Dana returned to work the following day, still sick but overwhelmed with so much work responsibility. Staying home was no relief.
Looking back, it was also the day that we reclaimed our lives and started living again.
That entire morning, the owners, now working in an office several hours away, pounded Dana with work assignments via text, email, and phone call. Still sick and feverish, she handled it well. (Dana is MUCH better at this stuff than me.)
At the end of a command from one of the owners, Dana replied with a simple, “Gotcha.”
The owner’s reply?
“Never reply to me with a ‘gotcha.’ Your correct response is ‘the task is complete.’”
I’d never seen anything like it. The task is complete. That’s the response she commanded.
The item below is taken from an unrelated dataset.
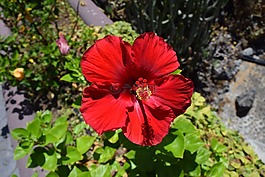 芙蓉,紅色,開花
We finished the day and went for cheap fast food at a Hardees. As bad as the day had been, we feared tomorrow might get worse. And the next day, and the next.
Dana looked at me. I looked at her.
“Are you thinking what I’m thinking?” I asked.
“I think so.
“Let’s blow this joint.”
That evening, we dropped our keys in a business mailbox, went home, slept like babies, got up early and packed to go home. We never spoke another word to those maniacs. And we literally cheered and sang and celebrated the drive home.
We reflect on it as one of the pivotal moments in our marriage. Solid. Together. One.
Sometimes you have to follow your gut.